Un homme triste et la voix suave d’une inconnue… Vous avez une impression de déjà vu? Vous pensez, vous aussi, à Her (2014)? En entrevue lors de la Quinzaine des cinéastes du Festival de Cannes en mai dernier, la réalisatrice Anne Émond a admis avoir été influencée par l’excellent film de Spike Jonze, tout en souhaitant aller au-delà du fantasme et matérialiser la voix: lui donner une vraie vie, lui faire vivre des problèmes… bref, la rendre vraiment concrète.
Mais voilà, si Her est un poème mélancolique susurré dans une lumière pastel, Amour Apocalypse est une comédie romantique un peu trash où deux écorchés vifs sont catapultés dans une quête un peu absurde (mais malgré tout profondément humaine), en pleine crise climatique.
Ici, on ne flotte pas entre rêverie et douceur mélancolique. On navigue plutôt difficilement entre comédie romantique, drame, aventure et dystopie climatique. Dans les deux cas, on parle d’amour, d’anxiété existentielle et de solitude. Alors que l’un choisit la délicatesse d’un futur aseptisé, l’autre plonge tête première dans le chaos très organique du présent… entre Thetford Mines et Sudbury.

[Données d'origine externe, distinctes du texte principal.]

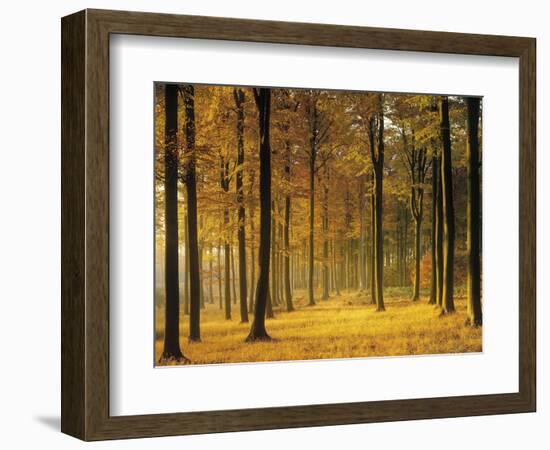 Buchenwald, Morgenstimmung, Herbst, Wald, Herbstwald, Bv¤Ume, Laubwald-Thonig-Framed Photographic Print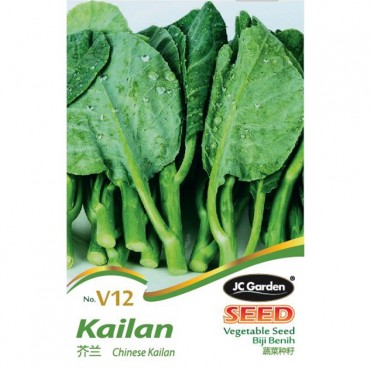 JC Garden V12 Vegetable Seed Chinese Kailan/ Kailan Biji Benih Sayur Sayuran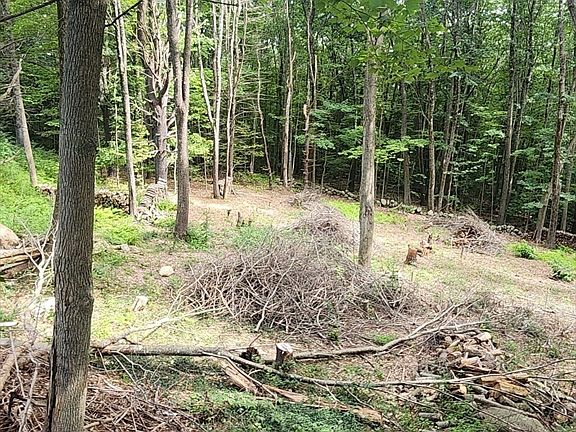 2nd image of 0 Crestwood Dr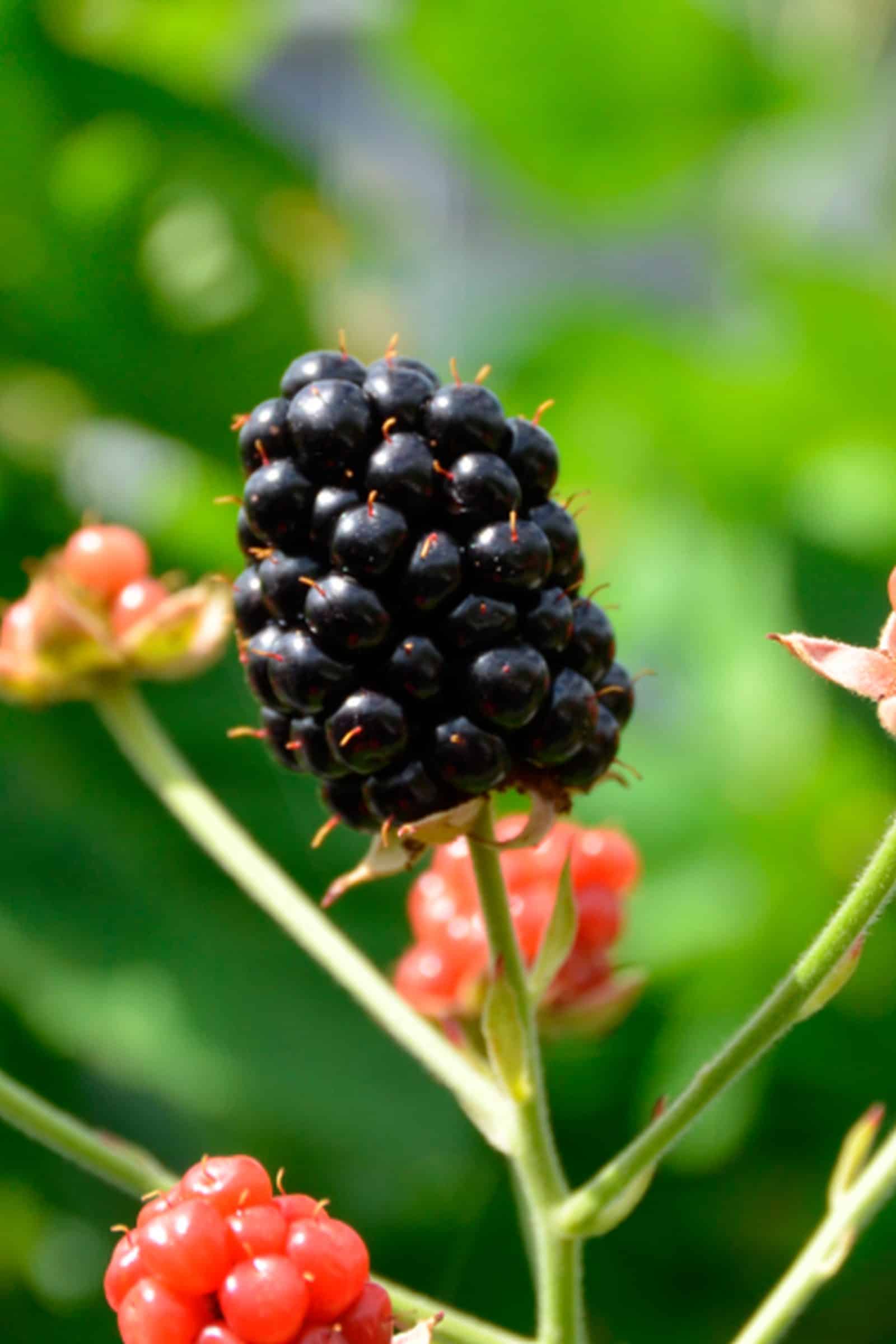 Rubus BrazelBerry ® 'Baby Cakes' ®
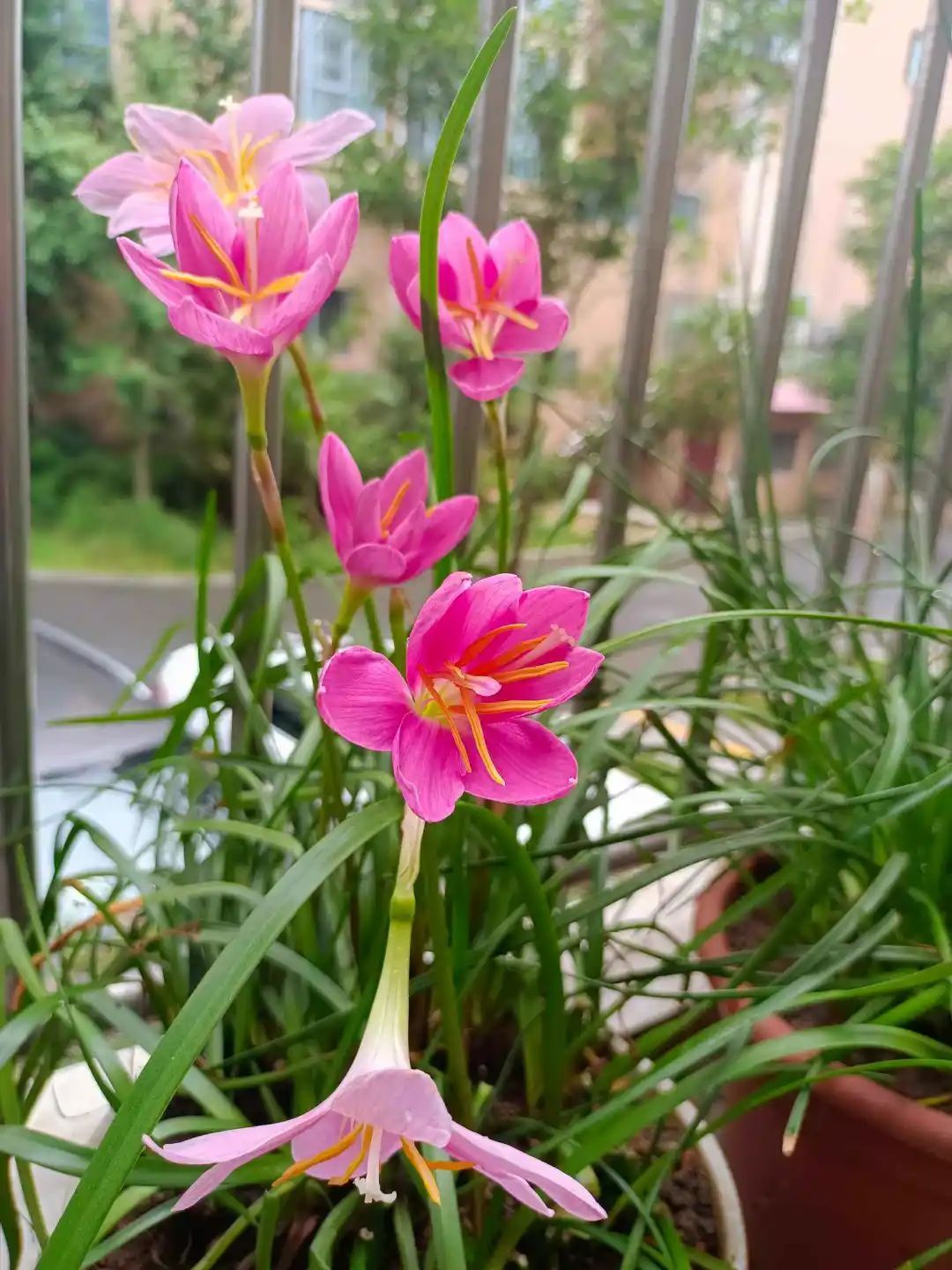 韭莲怎么种(韭菜莲怎么种)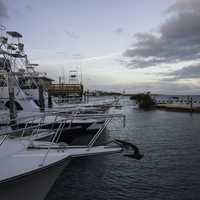 Boats in the Harbor in the Florida Keys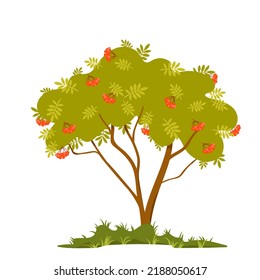 Viburnum berry bush vector illustration. Cartoon isolated silhouette with branches and trunk growing in green grass of garden or park, hanging bunches of ripe red berry fruit and leaves on twigs
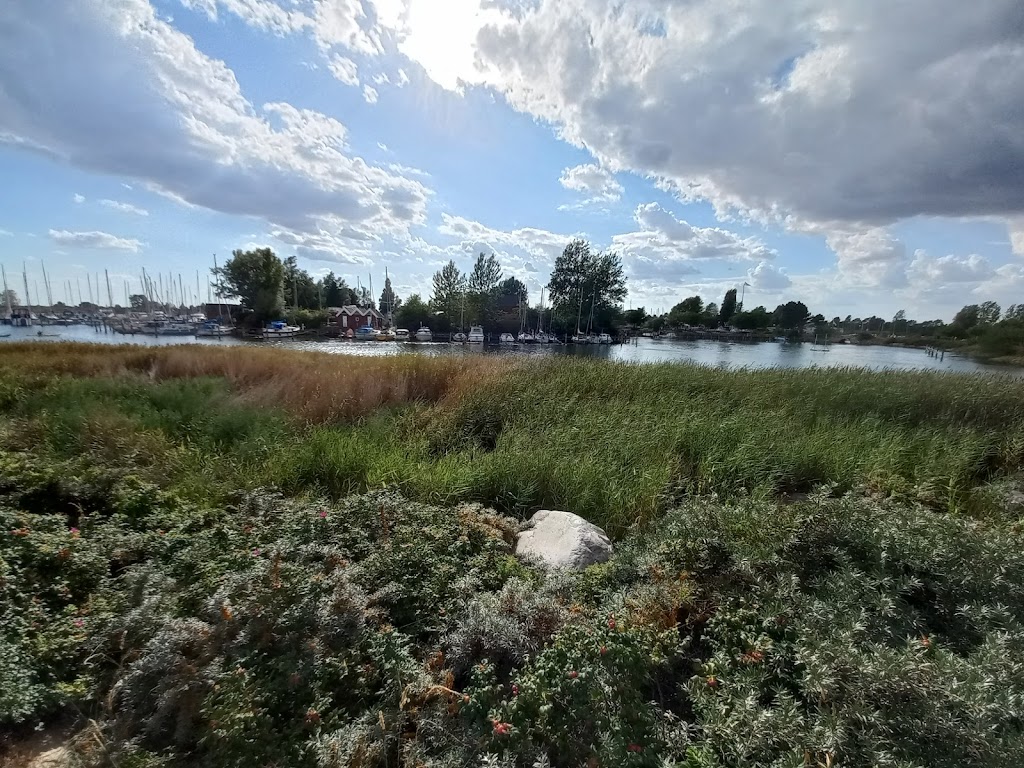 vallensbaek-strandpark-15.jpeg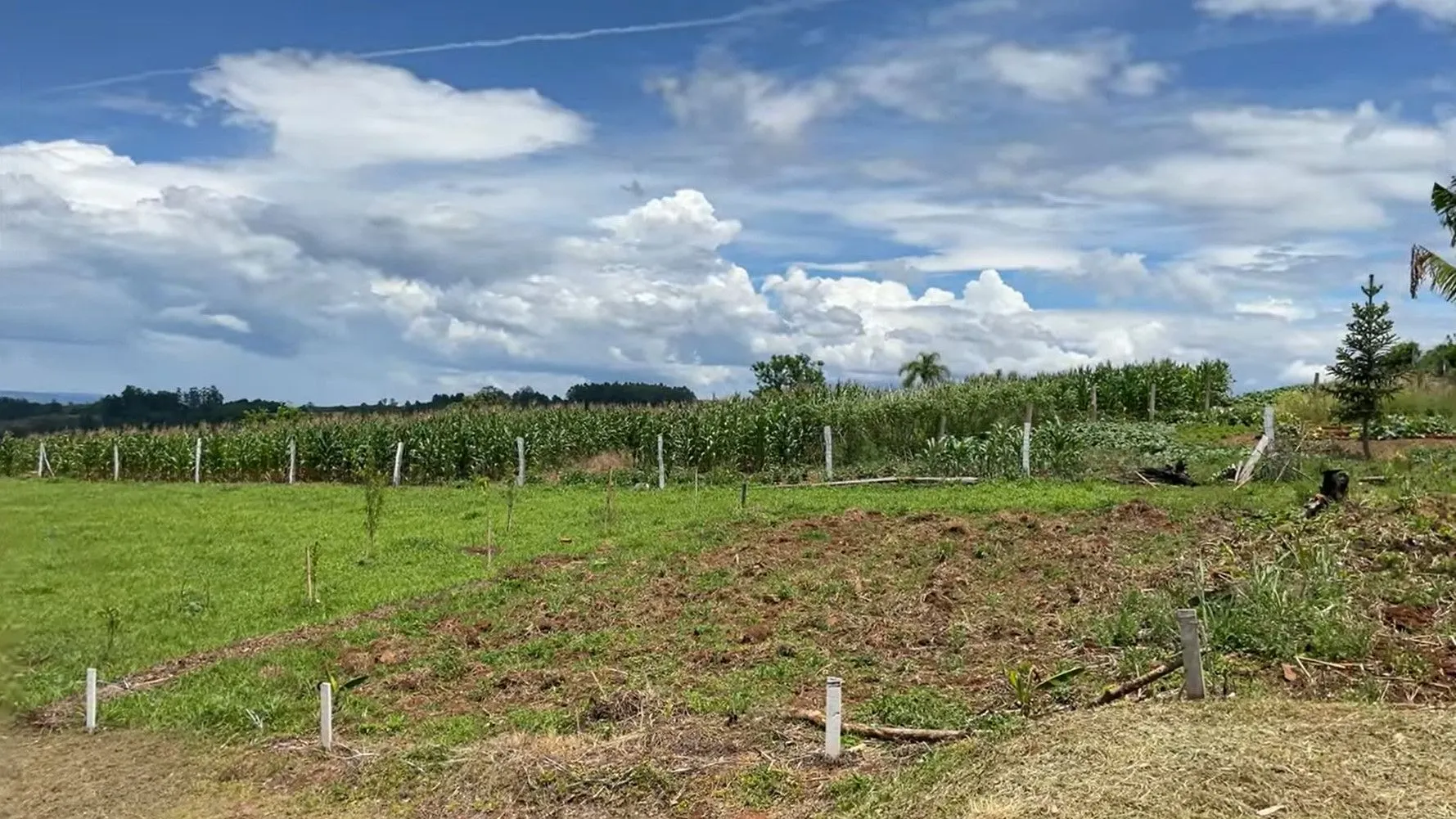 Chácara à venda de 8.000 m² em Rolante, RS, Brasil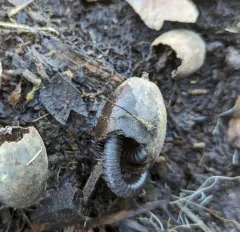 Californiulus euphanus thumbnail 4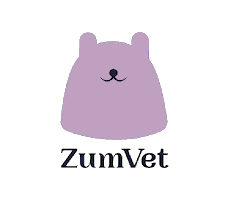 Zumvet Closure: A Case Study in Veterinary Telemedicine Failure
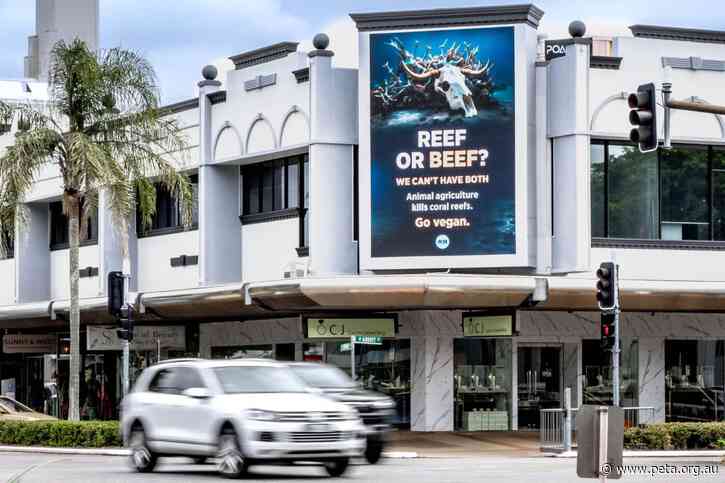Reef or Beef? Animal Agriculture Is Killing Corals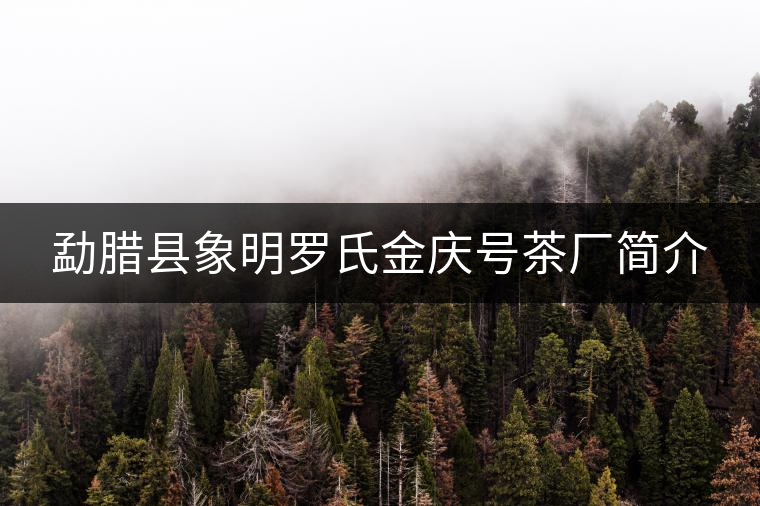 勐臘縣象明羅氏金慶號(hào)茶廠(chǎng)簡(jiǎn)介
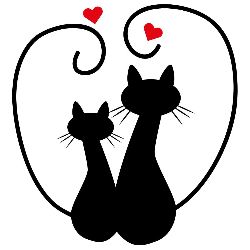 Kittenhuis Jabbeke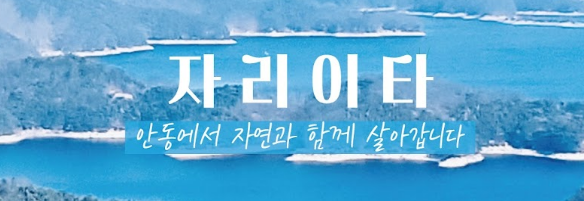 안동 유튜버 김홍기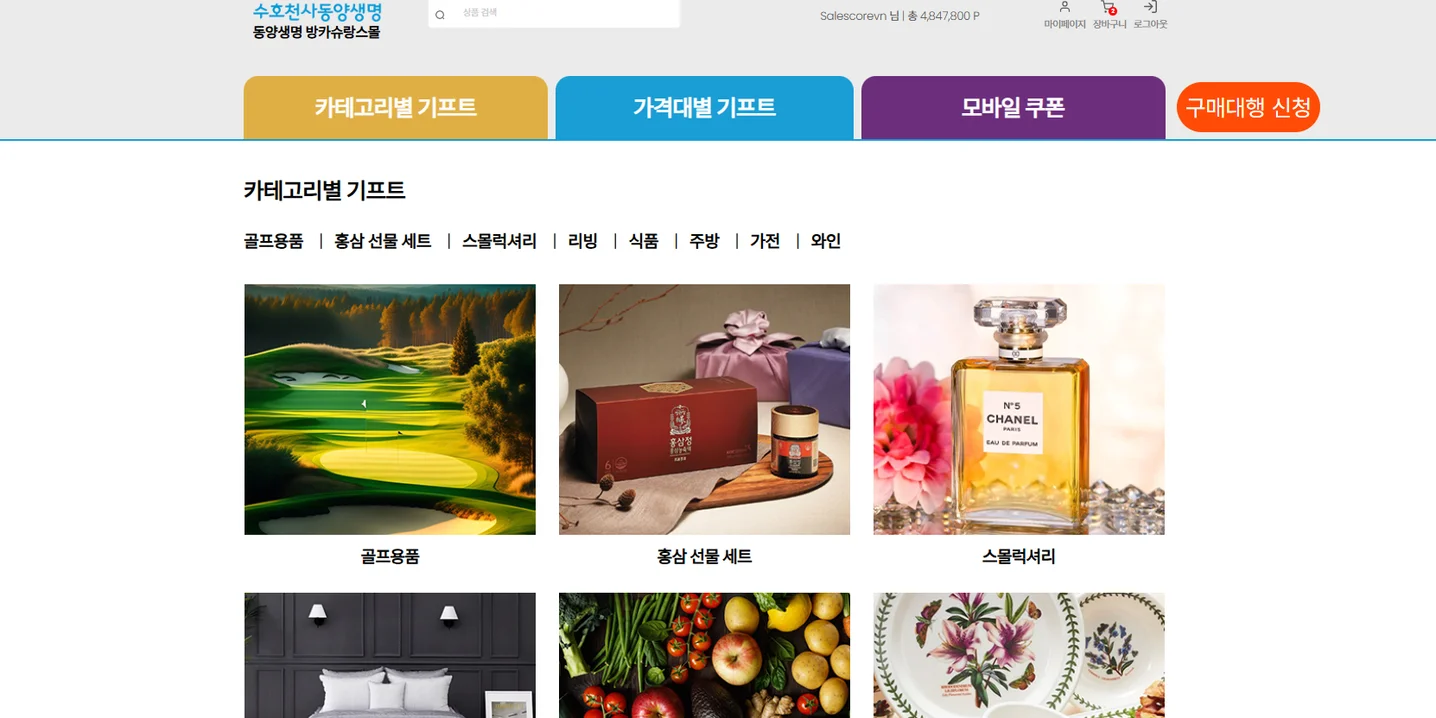 디자인 포트폴리오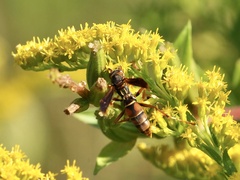 Fuscopolistes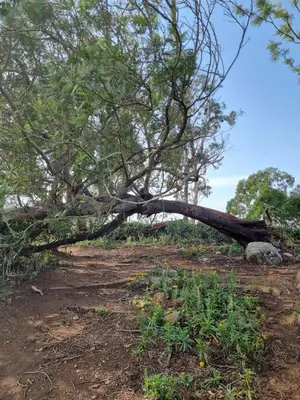 a tree laying on the ground in a field at Camellia Heights 1&2 in Coonoor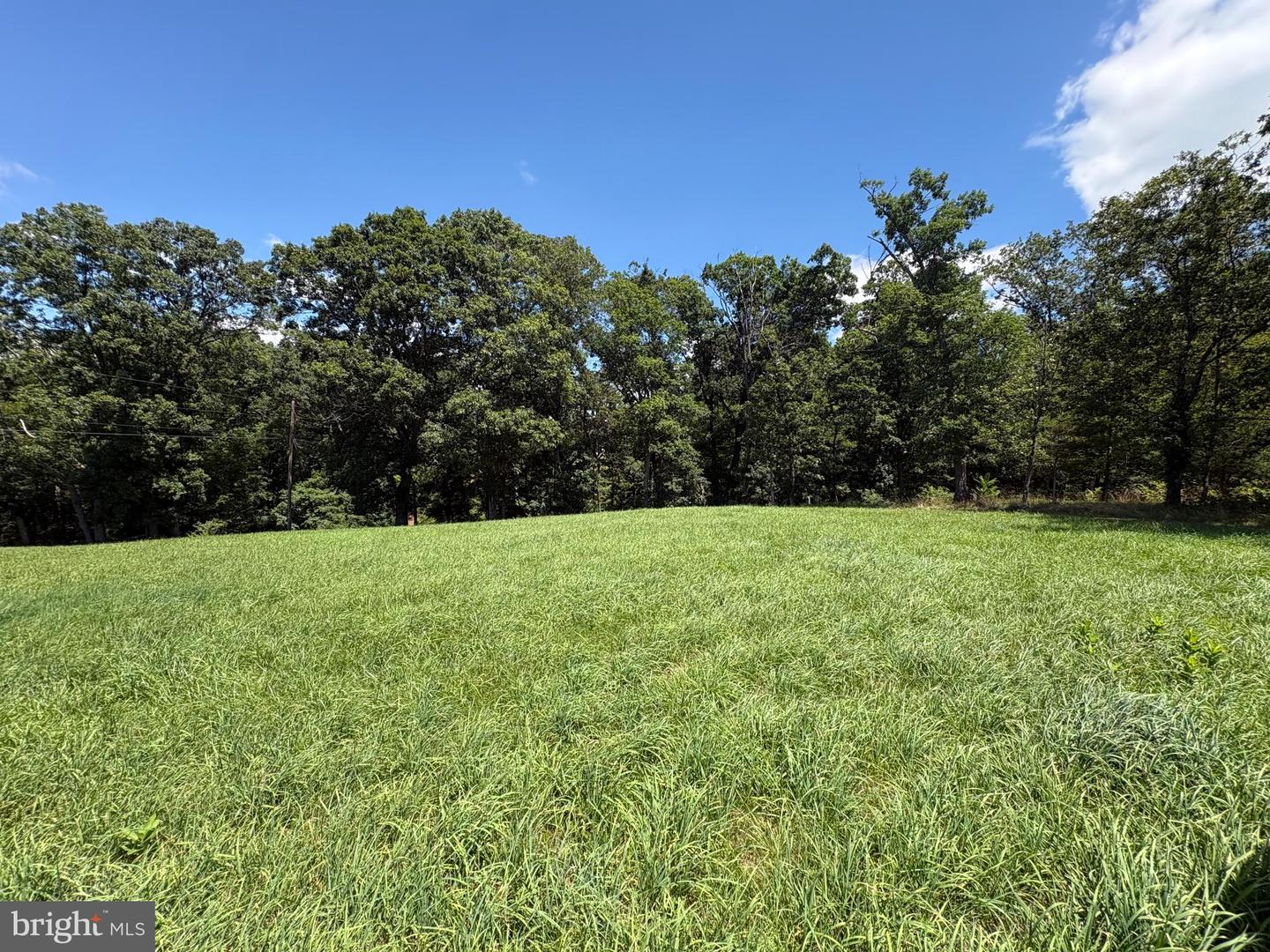 20.96 Acres Wilson's Ln Property Photo 4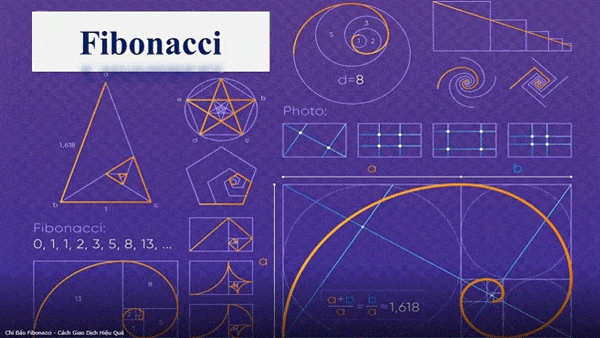 Ý nghĩa của Fibonacci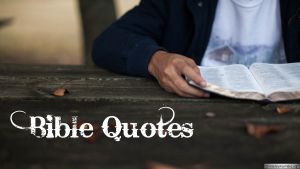 Bible Quotes: 12 Part series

Si le scénario d’Amour Apocalypse est un peu léger et que certaines scènes comiques manquent de subtilité, l’ensemble parvient tout de même à susciter quelques sourires. Évidemment, la mise en scène reprend le vieux cliché de la météo qui reflète l’état intérieur des personnages : la fameuse « tempête intérieure ». Cette analogie entre dérèglement psychique et dérèglement climatique finit par ramener l’enjeu à une affaire personnelle, presque intime, ce qui évacue malheureusement la dimension politique. Oui, l’écoanxiété est bien réelle. Mais non, la crise climatique ne se résoudra pas en flattant des cristaux et en brûlant de l’encens. Le film ne dénonce le capitalisme que par bribes, alors qu’Adam avoue ne pas être un grand consommateur ou lorsqu’il crève les pneus d’un VUS – davantage pour impressionner sa nouvelle flamme que par militantisme.
Heureusement, le film est sauvé (de l’apocalypse?) par l’interprétation sans faille de Patrick Hivon et Piper Perabo, dont la complicité à l’écran apporte une vraie tendresse au récit.
Non, ce film ne changera pas le monde (ni le climat!), mais il nous rappelle que, dans un monde en feu, on peut encore tomber amoureux… entre deux séances chez la psy et un appel au service à la clientèle.